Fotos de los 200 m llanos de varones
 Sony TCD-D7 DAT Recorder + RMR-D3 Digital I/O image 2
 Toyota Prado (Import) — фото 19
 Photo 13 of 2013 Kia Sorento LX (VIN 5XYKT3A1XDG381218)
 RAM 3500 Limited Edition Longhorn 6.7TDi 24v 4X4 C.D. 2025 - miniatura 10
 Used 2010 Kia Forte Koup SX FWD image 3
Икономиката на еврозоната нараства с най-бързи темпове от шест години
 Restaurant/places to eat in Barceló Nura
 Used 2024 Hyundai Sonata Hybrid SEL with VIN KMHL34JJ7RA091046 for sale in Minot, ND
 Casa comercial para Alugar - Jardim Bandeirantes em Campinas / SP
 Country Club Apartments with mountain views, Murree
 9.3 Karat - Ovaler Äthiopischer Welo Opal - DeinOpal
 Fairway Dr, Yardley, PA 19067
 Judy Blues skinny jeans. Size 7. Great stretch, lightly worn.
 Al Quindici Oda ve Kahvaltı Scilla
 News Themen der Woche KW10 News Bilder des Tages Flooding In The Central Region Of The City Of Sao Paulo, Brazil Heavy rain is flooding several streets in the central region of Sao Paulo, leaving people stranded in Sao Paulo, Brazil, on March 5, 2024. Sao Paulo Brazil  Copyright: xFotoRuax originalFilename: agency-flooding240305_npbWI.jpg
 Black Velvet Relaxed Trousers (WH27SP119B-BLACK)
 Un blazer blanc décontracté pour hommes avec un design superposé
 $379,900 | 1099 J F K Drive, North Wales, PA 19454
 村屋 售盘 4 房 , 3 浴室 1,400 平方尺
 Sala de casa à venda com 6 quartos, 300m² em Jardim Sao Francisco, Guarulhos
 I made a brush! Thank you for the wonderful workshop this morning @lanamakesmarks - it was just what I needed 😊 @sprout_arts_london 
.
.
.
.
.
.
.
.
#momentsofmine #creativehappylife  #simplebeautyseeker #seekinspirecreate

_____

- **THE PROBLEM**: Output each of the records exactly as it stands above.

- **SOLUTION**:
Fotos de los 200 m llanos de varones
 Sony TCD-D7 DAT Recorder + RMR-D3 Digital I/O image 2
 Toyota Prado (Import) — фото 19
 Photo 13 of 2013 Kia Sorento LX (VIN 5XYKT3A1XDG381218)
 RAM 3500 Limited Edition Longhorn 6.7TDi 24v 4X4 C.D. 2025 - miniatura 10
 Used 2010 Kia Forte Koup SX FWD image 3
Икономиката на еврозоната нараства с най-бързи темпове от шест години
 Restaurant/places to eat in Barceló Nura
 Used 2024 Hyundai Sonata Hybrid SEL with VIN KMHL34JJ7RA091046 for sale in Minot, ND
 Casa comercial para Alugar - Jardim Bandeirantes em Campinas / SP
 Country Club Apartments with mountain views, Murree
 9.3 Karat - Ovaler Äthiopischer Welo Opal - DeinOpal
 Fairway Dr, Yardley, PA 19067
 Judy Blues skinny jeans. Size 7. Great stretch, lightly worn.
 Al Quindici Oda ve Kahvaltı Scilla
 News Themen der Woche KW10 News Bilder des Tages Flooding In The Central Region Of The City Of Sao Paulo, Brazil Heavy rain is flooding several streets in the central region of Sao Paulo, leaving people stranded in Sao Paulo, Brazil, on March 5, 2024. Sao Paulo Brazil  Copyright: xFotoRuax originalFilename: agency-flooding240305_npbWI.jpg
 Black Velvet Relaxed Trousers (WH27SP119B-BLACK)
 Un blazer blanc décontracté pour hommes avec un design superposé
 $379,900 | 1099 J F K Drive, North Wales, PA 19454
 村屋 售盘 4 房 , 3 浴室 1,400 平方尺
 Sala de casa à venda com 6 quartos, 300m² em Jardim Sao Francisco, Guarulhos
 I made a brush! Thank you for the wonderful workshop this morning @lanamakesmarks - it was just what I needed 😊 @sprout_arts_london 
.
.
.
.
.
.
.
.
#momentsofmine #creativehappylife  #simplebeautyseeker #seekinspirecreate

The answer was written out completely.